Similarly, we can define II-trees, and once we have done so, the statement “$A$ is determined” is equivalent to the statement, “Either there is a I-tree $S_1$ such that $[S_1]$ is red or there is a II-tree $S_2$ such that $[S_2]$ is blue.

The monochromatic structures we are looking at for this off-diagonal Ramsey theorem are particularly nice sets of paths.

There are quite strong parallels here with the infinite Ramsey theorem of Galvin and Prikry. Let us write $X^{(\omega)}$ for the set of all infinite subsets of $X$. Then the Galvin-Prikry theorem says (or at least implies) that for every Borel subset $A$ of $\mathbb{N}^{(\omega)}$ (in the product topology) there is an infinite subset $X\subset\mathbb{N}$ such that either $X^{(\omega)}\subset A$ or $X^{(\omega)}\subset A^c$. As with determinacy, to find any set that fails this theorem one needs to use the axiom of choice (or, to be more accurate, something like a non-principal ultrafilter, which is a strictly weaker assumption than the axiom of choice, but most naturally proved using the axiom of choice).

#### What happens if we try to use strategies instead of quasistrategies?

Going back to Martin’s proof itself, let’s try to understand what would go wrong if the players declared strategies in the places that they actually declare quasistrategies. We have sort of seen this — there are places in the proof where we need to deem a player to have played a certain quasistrategy. But was that just a convenience, or was it essential?

I’m considering the following auxiliary game. Player I’s first move is $(x_1,\sigma)$, where now $\sigma$ is a strategy, and not just a quasistrategy. Player II either plays $(x_2,u)$, where $u$ is a finite sequence consistent with $\sigma$, all of whose continuations lie in $A^c$, or $(x_2,\tau)$, where $\tau$ is a strategy inside the tree corresponding to $\sigma$.

The first thing to note here is that $\tau$ is effectively an infinite sequence $v$. So let’s reword this to say that Player II plays $(x_2,\bullet)$, where $\bullet$ is either a finite sequence $u$ with all its continuations in $A^c$ or an infinite sequence $v$ that lives in $A$. In both cases, the sequence must be consistent with the strategy $\sigma$ declared by Player I.

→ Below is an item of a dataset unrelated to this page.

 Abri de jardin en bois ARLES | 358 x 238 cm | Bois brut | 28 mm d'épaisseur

In the first case, the players must play along $u$ and after that are released from all obligations. In the second case, they must play along $v$.

Now let $\sigma'$ be a strategy for Player I in this auxiliary game $G'$ and let $(x_1,\sigma)$ be its first move. What infinite sequences can arise? They are all sequences $x$ with one of the following two properties:

1. $x$ has an initial segment $u$ consistent with $\sigma$ such that all continuations of $u$ lie in $A^c$, and the rest of $x$ is consistent with the strategy $\sigma'$, given the initial moves $(x_1,\sigma)$ and $(x_2,u)$;

2. $x$ is consistent with $\sigma$ and lies in $A$.

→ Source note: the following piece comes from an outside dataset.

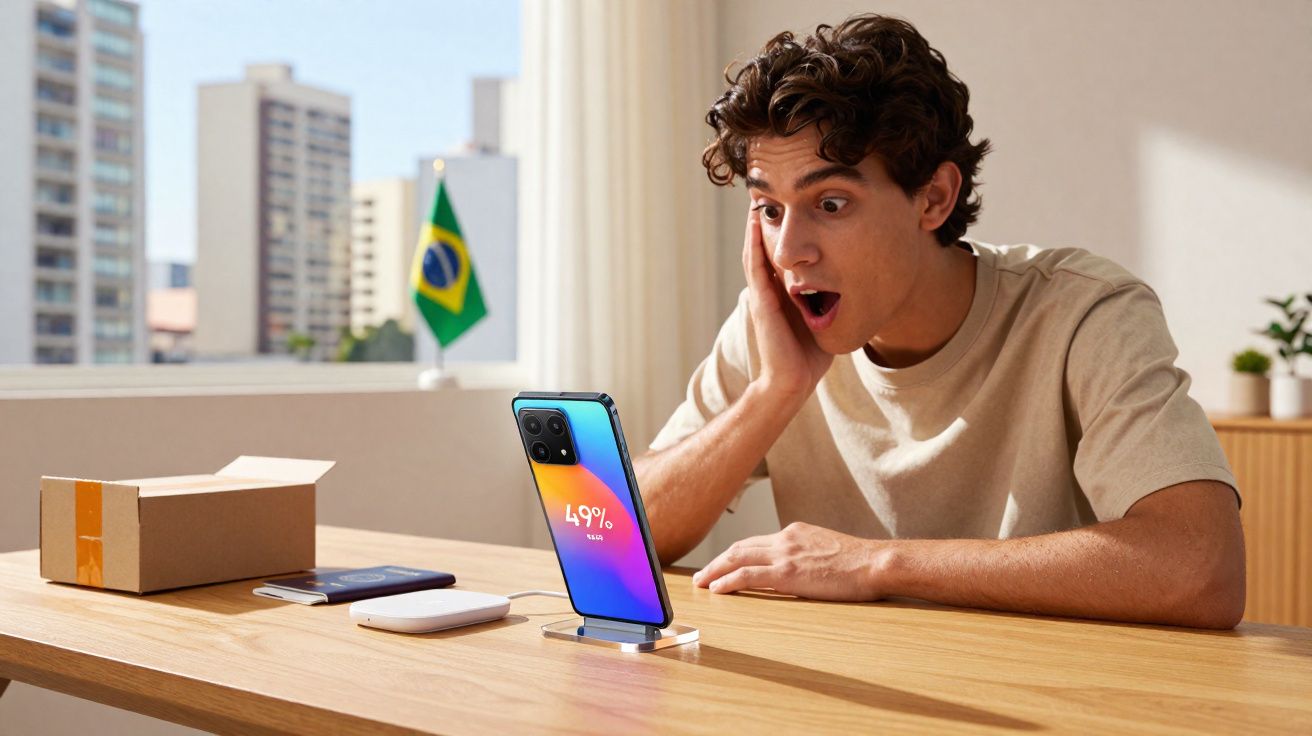 Homem surpreso olhando para smartphone carregando sobre a mesa com bandeira do Brasil ao fundo.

If Player I has a winning strategy for the first class of sequence, then she plays it, and after reaching $u$ such that all continuations lie in $A^c$, she does whatever $\sigma'$ dictates.

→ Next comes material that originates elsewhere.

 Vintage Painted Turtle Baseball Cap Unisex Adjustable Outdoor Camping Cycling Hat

If Player I does not have a winning strategy for the first class of sequence, then in the Martin proof, she would deem Player II to be playing the canonical quasistrategy for the complement of that class. However, that option is not open to us if we aren’t allowed quasistrategies. So she has a problem.

But maybe it isn’t a huge problem, since in $G'$ she will be required to play consistently with $\sigma$, whatever Player II does. Since $\sigma$ is a strategy rather than a quasistrategy, we don’t have to make any choices, and therefore don’t have to “deem” Player II to have declared any particular sequence $v$.

What I’m saying here is that in the second case Player I should simply play the strategy $\sigma$, but if Player II ever departs from the canonical quasistrategy and gets to a position where Player I can force a finite sequence $u$ of the first type, then Player I switches to doing that and continuing with $\sigma'$. Otherwise, play continues for ever, consistently with $\sigma$ and producing an element $v$ of $A$. So Player I can deem Player II to have declared that element.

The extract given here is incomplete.